Getty Images | Michael Bradley
Bill English and Jacinda Ardern during a TV debate on August 31, 2017 in Auckland, New Zealand.

Saturday's general election in New Zealand could see a change of rule for the first time in ten years.

The main opposition Labour Party was struggling in the polls and showed no sign of challenging the incumbent National party until an abrupt switch of leadership at the beginning of August.

Just two weeks after 37-year-old Jacinda Ardern took control of the center-Left Labour Party, one poll stunned observers by putting her level with current Prime Minister Bill English.

It was no flash in the pan. As it stood on Friday, a Radio New Zealand poll of polls had the two main parties still neck-and-neck.

A possible change of leadership in New Zealand has caught many off-guard and Swiss bank UBS has now put together a note on the election risk and the best places to safeguard assets.

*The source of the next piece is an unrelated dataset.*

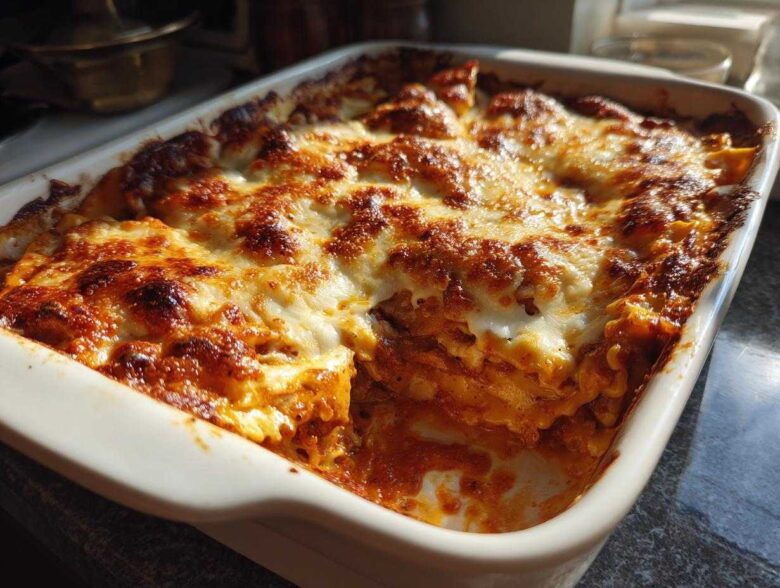 Close-up of a freshly baked lazy lasagna in a white dish, featuring a bubbling, golden-brown cheese crust.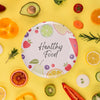 Flat Lay Plate With Fruit And Veggies Psd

UBS said Thursday there is now a "fair chance" of a change in government and that will put pressure on GDP growth, inflation and the kiwi dollar.

"Labour's policies imply an environment of lower immigration, business confidence and a weaker housing market, all pointing to lower GDP growth.

"Inflation could also be higher due to wage inflation," the note added.

New Zealand Prime Minister Bill English
Getty Images
New Zealand Prime Minister Bill English

Dollar pressure

The NZ dollar is the tenth most traded currency in the world, according to the 2016 Triennial Central Bank Survey. It benefits from the 'carry trade' as Japanese investors buy it to benefit from NZ's higher interest rate.

UBS said the Kiwi dollar could fall if the market prices in lower GDP growth and a downside scenario for NZD/USD of 0.68 cents could come into reach.

As of Monday, the New Zealand dollar buys 73 cents.

Equity call

UBS has calculated that any change in New Zealand leadership causes its basket of top 50 stocks to typically underperform by around seven percent in the 3 months following the result.

That, however, could be magnified this time around said UBS as PE (price earnings) ratios are currently stretched to record levels.

UBS identifies housing-related stocks as at risk from any Labour-led coalition with policy promises to ban the sale of residential property to non-resident foreign buyers and build 10,000 new homes annually.

UBS says any fall in housing would put pressure on the aged care sector and lower economic growth should negatively impact the transportation sector.

UBS also identified potential risks to autos and air travel stocks, should Labour form a ruling coalition with the New Zealand Green Party.

Where to hide

Assuming New Zealand Labour wins on Saturday, UBS is outlining two strategies. First, it advised that real estate investment trusts (REIT's) or companies that produce and sell electricity (gentailers) shouldn't feel too much impact by a Labour victory.

The bank, however, cautioned that any defensive investment based on dividend yield might well be hurt by a general rise in the interest rate.

The second strategy opined by UBS is for investors to shift capital across the Tasman Sea to Australia.

The bank identified AGL Energy, Mirvac Group and RMD Australia as firms all trading at an apparent discount to New Zealand peers.